As part of integral thinking we can conceptually divide language into modes. The modes represent the semantic fields of our paradigm of thought and their relation to the world. Language is a tool, can be used in many ways and was subjected to evolution through time.

Is language a tool for describing the world, or a medium through which the world appears at all?

Scientific language

How do we use language ? A Materialist view

From a materialist perspective, scientific language is instrumental, not expressive or revelatory.

  • It aims at precision, repeatability, and operational clarity
  • Meaning is tied to measurable phenomena, not inner experience
  • Words function as labels for processes, variables, or relations

Example: “Force equals mass times acceleration”

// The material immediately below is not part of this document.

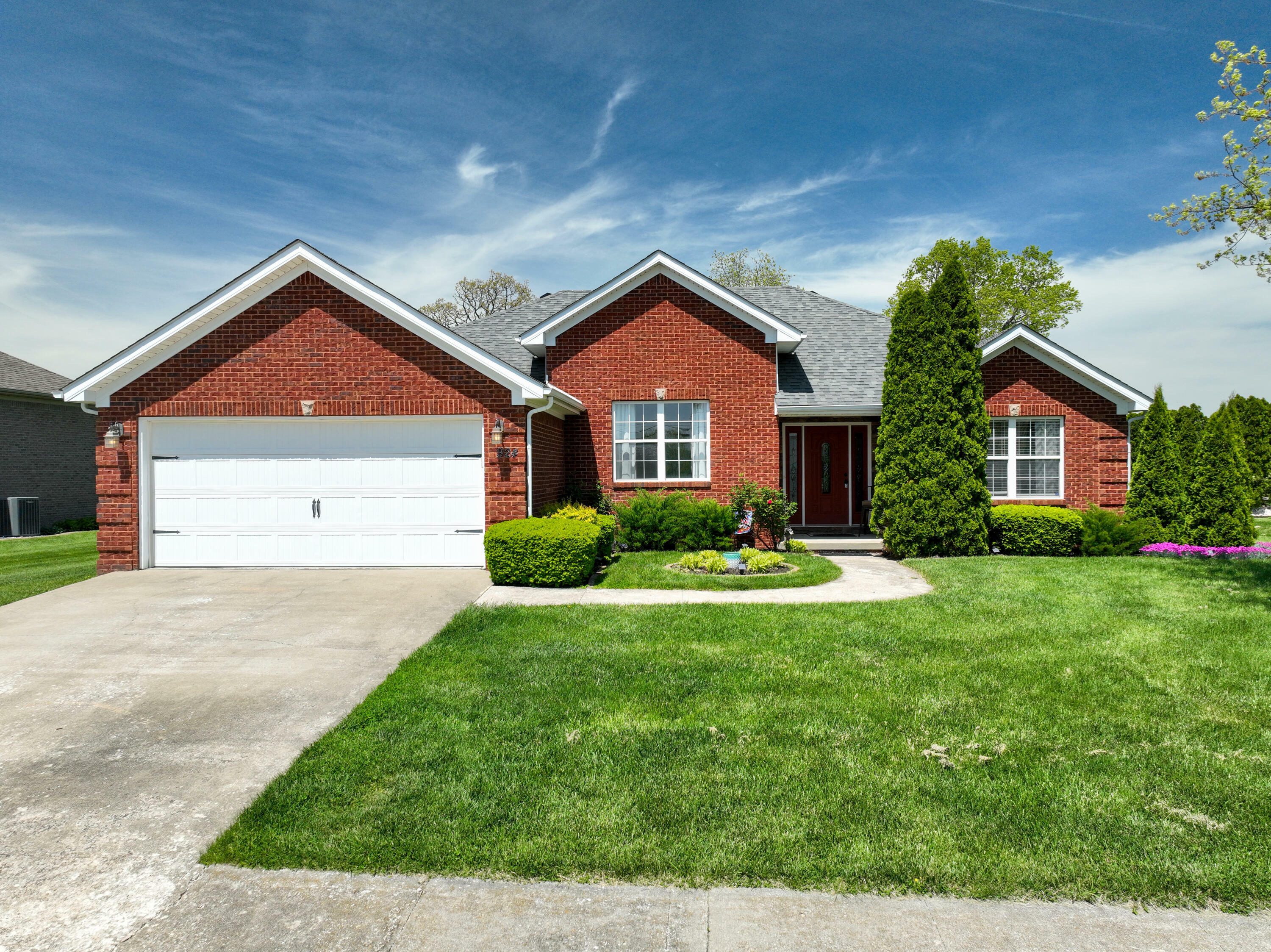 Property Photo:  924 Cabernet Drive  KY 40403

The sentence does not describe lived experience. It compresses observations into a predictive formula. In this view, language is a tool for modeling reality, not accessing truth directly. Its success is judged by prediction and control, not by meaning in a symbolic or existential sense.

Limit: Scientific language deliberately strips away ambiguity, metaphor, and affect. What it gains in clarity, it loses in depth of meaning.

symbolic language

Symbolic language points beyond itself. Its meaning is not exhausted by literal reference.

Characteristics:

  • Polysemic (one symbol, many meanings)
  • Context-dependent
  • Often irreducible to paraphrase
  • Connects concepts, emotions, cosmology, and social order

Examples:

  • The cross: suffering, salvation, cosmic order
  • The circle: eternity, unity, cycles, the sacred
  • “Light” in many traditions: knowledge, being, divine presence

In symbolic language, the word is not a label but a threshold. Meaning unfolds through interpretation, ritual, or repetition.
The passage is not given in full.